D. ${r_0} = 20{e_0}$ in the entire region.

Answer 1

1. Here before solving this problem we need to know about Gauss’ law and also Poisson’s equation.
2. If V is the electrical potential generated by a static charge distribution of charge density ρ then according to Poisson’s equation
$^{{\nabla ^2}V = - \dfrac{\rho }{{{\varepsilon _0}}}}$
3. Every electrical potential follows Poisson’s equation.

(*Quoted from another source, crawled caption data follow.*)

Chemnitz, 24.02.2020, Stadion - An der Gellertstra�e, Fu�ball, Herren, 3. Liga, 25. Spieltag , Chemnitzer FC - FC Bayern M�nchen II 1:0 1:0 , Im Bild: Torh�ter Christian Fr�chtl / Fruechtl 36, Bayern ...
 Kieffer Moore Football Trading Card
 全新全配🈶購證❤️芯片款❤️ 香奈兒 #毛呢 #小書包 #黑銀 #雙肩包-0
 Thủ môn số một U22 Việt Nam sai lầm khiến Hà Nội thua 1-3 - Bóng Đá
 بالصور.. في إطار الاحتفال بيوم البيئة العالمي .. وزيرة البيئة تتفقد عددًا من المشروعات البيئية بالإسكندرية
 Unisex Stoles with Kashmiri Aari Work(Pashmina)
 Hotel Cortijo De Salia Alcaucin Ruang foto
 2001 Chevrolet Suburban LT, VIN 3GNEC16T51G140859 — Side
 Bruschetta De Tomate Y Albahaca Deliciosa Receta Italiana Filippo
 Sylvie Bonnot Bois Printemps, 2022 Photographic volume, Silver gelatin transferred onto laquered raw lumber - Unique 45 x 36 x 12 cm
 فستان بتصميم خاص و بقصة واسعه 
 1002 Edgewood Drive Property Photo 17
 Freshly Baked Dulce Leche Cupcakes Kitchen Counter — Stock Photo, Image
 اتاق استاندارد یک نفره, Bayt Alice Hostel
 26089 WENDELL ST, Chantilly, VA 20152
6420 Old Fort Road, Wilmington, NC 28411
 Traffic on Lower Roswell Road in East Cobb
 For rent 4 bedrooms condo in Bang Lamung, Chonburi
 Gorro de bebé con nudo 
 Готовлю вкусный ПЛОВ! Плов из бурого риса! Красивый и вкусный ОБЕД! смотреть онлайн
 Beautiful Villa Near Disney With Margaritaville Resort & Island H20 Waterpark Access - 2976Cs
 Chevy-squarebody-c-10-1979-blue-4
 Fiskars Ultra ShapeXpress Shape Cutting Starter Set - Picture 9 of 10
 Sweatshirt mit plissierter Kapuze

Complete step by step solution :
For $\left| z \right| \leqslant 1m$,
$V\left( z \right) = {\text{ }}30{\text{ }} - {\text{ }}5{z^2}\left( {given} \right).$
Now, Putting This expression of V(z) in Poisson’s equation we get,

$$^{{\nabla ^2}V = - \dfrac{\rho }{{{\varepsilon _0}}}} \\\ \Rightarrow \dfrac{{{\partial ^2}V}}{{\partial {x^2}}} + \dfrac{{{\partial ^2}V}}{{\partial {y^2}}} + \dfrac{{{\partial ^2}V}}{{\partial {z^2}}} = - \dfrac{\rho }{{{\varepsilon _0}}} \\\ \Rightarrow \dfrac{{{\partial ^2}V}}{{\partial {z^2}}} = - \dfrac{\rho }{{{\varepsilon _0}}} \\\ \Rightarrow \dfrac{{{\partial ^2}(30 - 5{z^2})}}{{\partial {z^2}}} = - \dfrac{\rho }{{{\varepsilon _0}}} \\\ \Rightarrow \dfrac{{\partial ( - 10z)}}{{\partial z}} = - \dfrac{\rho }{{{\varepsilon _0}}} \\\ \Rightarrow - 10 = - \dfrac{\rho }{{{\varepsilon _0}}} \\\ \Rightarrow \rho = 10{\varepsilon _0} \\\$$

As V is independent of x and y, so the ${1^{st}}$two terms of ${\nabla ^2}V$ vanishes.
So for $\left| z \right| \leqslant 1m$ region the charge density is$10{\varepsilon _0}$
Now, For $\left| z \right| \geqslant 1m,{\text{ }}V\left( z \right) = {\text{ }}35 - 10z{\text{ }}\left( {given} \right).$
Putting This expression of $V\left( z \right)$in Poisson’s equation we get,
$\\\ \Rightarrow \dfrac{{{\partial ^2}(35 - 10z)}}{{\partial {z^2}}} = - \dfrac{\rho }{{{\varepsilon _0}}} \\\ \Rightarrow \dfrac{{\partial ( - 10)}}{{\partial z}} = - \dfrac{\rho }{{{\varepsilon _0}}} \\\ \Rightarrow 0 = - \dfrac{\rho }{{{\varepsilon _0}}} \\\ \Rightarrow \rho = 0 \\\$
So for $\left| z \right| \geqslant 1m$ region the charge density is zero.
Therefore the final answer is ${r_0} = {\text{ }}10{e_0}for{\text{ }}\left| z \right| \leqslant 1m{\text{ }} and {r_0} = 0$ elsewhere.
Hence the correct answer is (C).

Note:
1. In this type of problem we have to use proper expression of gradient operator based on the potential $\left( {in{\text{ }}which{\text{ }}coordinate{\text{ }}system{\text{ }}it{\text{ }}is{\text{ }}given} \right)$because for cartesian coordinate system the expression of ${\nabla ^2}V$ is given in solution but for cylindrical and spherical polar Coordinate system the expression of ${\nabla ^2}V$ is different.
2. Extra care should be given while doing the partial derivative.